Task prompt: The answer is an exact repetition of every entry, with all images left out.
[[ Raw data, beginning ]]
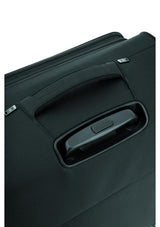 Samsonite 73H - Checked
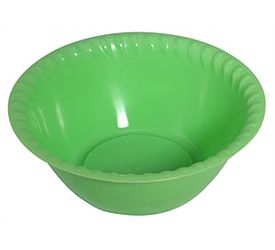 Миска-салатница 2,5л. большая С43 Мар.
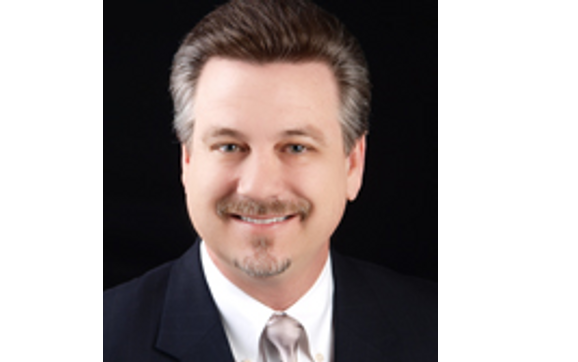 Private Health Insurance for Small Businesses, Families and Individuals by Farrow Agency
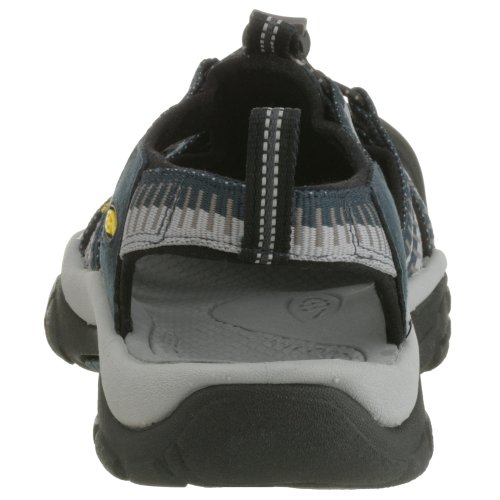 [キーン] サンダル Mens NewportH2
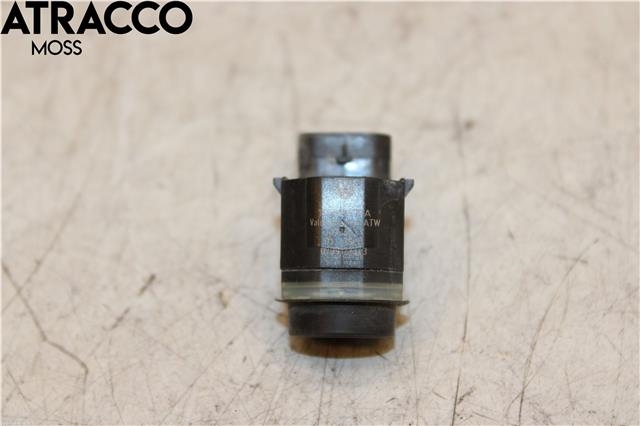 Parkeringssensor bak til Audi Q5 2008-2012 (Type I, Fase 1)  (1S0919275D|)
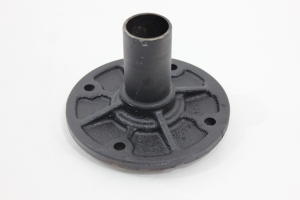 Flange Moringa Caixa Câmbio F-1000 93/96 Usado (906)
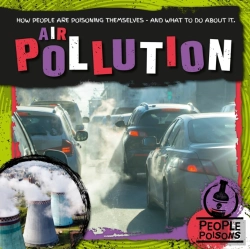 Bertrand.pt - Air Pollution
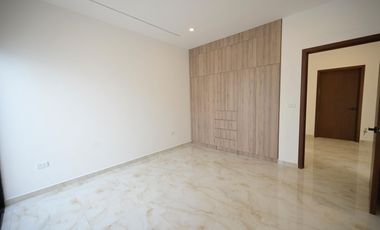 CASA EN VENTA VILLAHERMOSA ZONA COUNTRY CERCA DE TABASCO 2000 REAL CAMPESTRE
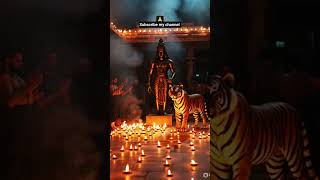 #manikanta# Ayyappa Swamy# #songs #shorts video #motivation# #facts# Virat Kohli# RCB MS Dhoni#🌹🌹🙏🙏🙏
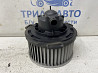 Вентилятор печки Mazda 3 2003-2009 BP4K-61-B10 (Арт. 81776) Київ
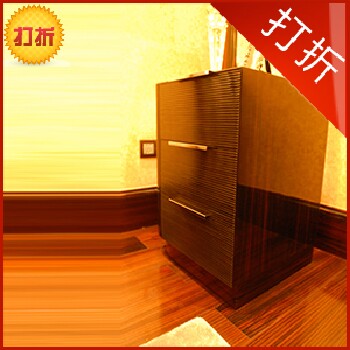 �Ȼ�����¹ŵ�䶷��bj163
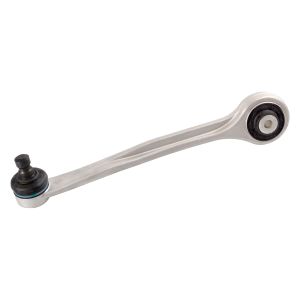 Pyöränripustus FEBI BILSTEIN 102670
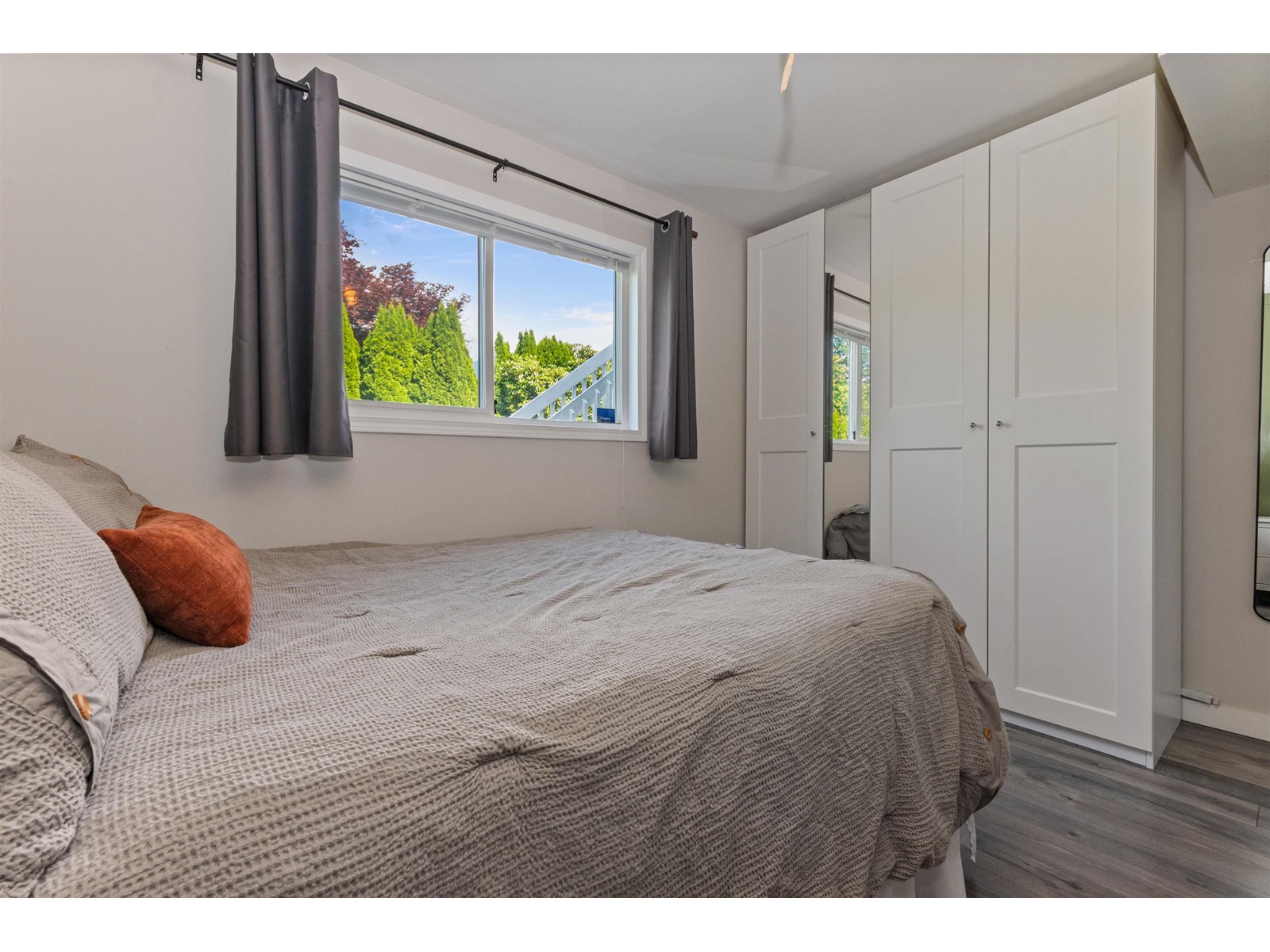 Photo 32 of 1578 Canterbury Drive Agassiz, Agassiz BC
[[ Raw data, end ]]
Solution to this exercise:
 Samsonite 73H - Checked
 Миска-салатница 2,5л. большая С43 Мар.
 Private Health Insurance for Small Businesses, Families and Individuals by Farrow Agency
 [キーン] サンダル Mens NewportH2
 Parkeringssensor bak til Audi Q5 2008-2012 (Type I, Fase 1)  (1S0919275D|)
 Flange Moringa Caixa Câmbio F-1000 93/96 Usado (906)
 Bertrand.pt - Air Pollution
 CASA EN VENTA VILLAHERMOSA ZONA COUNTRY CERCA DE TABASCO 2000 REAL CAMPESTRE
 #manikanta# Ayyappa Swamy# #songs #shorts video #motivation# #facts# Virat Kohli# RCB MS Dhoni#🌹🌹🙏🙏🙏
 Вентилятор печки Mazda 3 2003-2009 BP4K-61-B10 (Арт. 81776) Київ
 �Ȼ�����¹ŵ�䶷��bj163
 Pyöränripustus FEBI BILSTEIN 102670
 Photo 32 of 1578 Canterbury Drive Agassiz, Agassiz BC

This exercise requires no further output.